Margaret takes charge of most of the practical aspects of the move and then assumes charge of her mother's illness, acting as an intermediary between the doctor and her parents. As well as learning more about her own family's servant, Dixon, who has been with her mother since her girlhood, Margaret becomes friendly with textile worker Nicholas Higgins and his daughter Bessy, who is dying of consumption (tuberculosis) from inhaling textile dust. The Milton workers' activism and independence appeal to Margaret; she rethinks both class and labor relations as a result, including charitable relationships. Her strong opinions and actions bring her into conflict with the family of John Thornton, a factory owner and self-made man who is also one of her father's students.

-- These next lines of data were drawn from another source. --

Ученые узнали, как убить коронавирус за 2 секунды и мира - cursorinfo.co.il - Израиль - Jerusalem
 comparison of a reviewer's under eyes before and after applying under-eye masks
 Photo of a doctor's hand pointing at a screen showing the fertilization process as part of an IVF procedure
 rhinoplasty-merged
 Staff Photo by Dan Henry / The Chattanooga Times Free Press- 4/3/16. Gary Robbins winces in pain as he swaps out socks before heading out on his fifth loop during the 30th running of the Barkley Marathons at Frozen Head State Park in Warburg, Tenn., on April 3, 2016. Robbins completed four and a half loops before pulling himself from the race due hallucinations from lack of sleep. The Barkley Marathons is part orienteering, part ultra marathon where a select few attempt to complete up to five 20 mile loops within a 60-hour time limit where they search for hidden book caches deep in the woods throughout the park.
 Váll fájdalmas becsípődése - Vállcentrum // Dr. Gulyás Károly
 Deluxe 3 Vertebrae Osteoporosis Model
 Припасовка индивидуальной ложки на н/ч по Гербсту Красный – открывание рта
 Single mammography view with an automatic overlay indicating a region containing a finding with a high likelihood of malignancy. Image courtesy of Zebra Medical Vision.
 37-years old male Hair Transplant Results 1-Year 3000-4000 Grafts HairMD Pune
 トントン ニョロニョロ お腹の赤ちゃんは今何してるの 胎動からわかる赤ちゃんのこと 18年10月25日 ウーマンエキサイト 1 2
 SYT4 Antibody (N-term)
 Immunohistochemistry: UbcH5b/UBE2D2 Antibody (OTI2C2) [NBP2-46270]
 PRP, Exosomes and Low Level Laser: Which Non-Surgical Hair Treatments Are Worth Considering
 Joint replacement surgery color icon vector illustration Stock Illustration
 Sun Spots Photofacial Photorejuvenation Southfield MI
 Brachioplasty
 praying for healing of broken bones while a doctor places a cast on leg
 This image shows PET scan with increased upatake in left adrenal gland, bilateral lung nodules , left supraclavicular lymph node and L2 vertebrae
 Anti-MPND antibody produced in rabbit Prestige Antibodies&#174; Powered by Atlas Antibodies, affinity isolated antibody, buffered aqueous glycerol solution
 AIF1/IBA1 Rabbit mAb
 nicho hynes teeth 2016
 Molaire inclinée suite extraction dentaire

When Margaret shields John from a stone thrown by a striking worker, however, he avows his love for her. A series of obstacles to the relationship include Margaret's initial rebuff of John and her dishonesty about her exiled brother's secret return to his mother's deathbed. Before the ending brings John and Margaret back together--as well as calming the tension between workers and factory owners--Margaret experiences not only the deaths of almost everyone she loves, but also the suicide of one of the striking workers.